Brigid: "Mary of the Gael"
The early Christians believed that Brigid was present at the birth of Christ and acted as midwife. Indeed, she's often refereed to as "Mary of the Gael." Women saw her as a guardian of sorts around all matters of midwifery. Her symbol is that of the triple spiral and represents the three aspects of womanhood: maiden, mother and crone.
When I learned about Saint Brigid in school, it was of an almost mythological figure. In fact the stories fit in to classic mythological categories and probably belong more appropriately to the goddess with whose identity hers overlap. She was the goddess of all creative things, arts and crafts, healing, smithwork and poetry.
And yet the Brigid for whom people set a place at the table and believed looked after their livestock, for whom women felt close to and somehow shared their Everyday Concerns and touched the things in their lives which occupied them from dawn until dusk - this Brigid seems just as powerful and compassionate a figure, as strongly imbued with the divine feminine as is the Christ’s midwife.
Brigid was everywhere and not just on Brigid's Day. Her Wells could be found in almost every town land, her Crosses in every household and every night, Her Blessing was invoked as the woman of the house 'smoored' the fire while reciting one of her many charms. (Smooring the Fire: putting the ashes over the embers to keep them alight until the fire was needed again in the morning)
When you look at these Lovely Traditions woven into the fabric of ordinary everyday lives, divorced from the grandeur of fine architecture, 'creative things' and finer aspects in life, it is probably this very thing that made them special and 'present.' It was ironically the forbidding of the practice of religion that led to an everyday contemplative practice, wherein the ordinary practice of Baking a Cake, Sewing a Piece of Rag, Collecting Rushes From The River and lighting the fire was transformed from the everyday into the sacred.

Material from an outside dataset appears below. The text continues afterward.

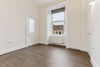 3/1, 13 Barrland Street, Pollokshields, Glasgow, G41 1QH - Picture #14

These everyday practices were never closer to the people than through the simple Rituals Associated with Brigid, the Mary of the Gael, their own divine feminine - the woman who passed by the back of the house on January 31st and looked after the cows and the lambs, and while you might never get to Jerusalem, you could visit her Holy Well down the road, and you could make your own Cross for her by visiting your own stream. Joseph Campbell, the great mythologist, once said that all land is Holy Land. And no one made the land more holy that Brigid. And never was she more appreciated that in the depths of harsh winter when reminders of Spring were sorely needed.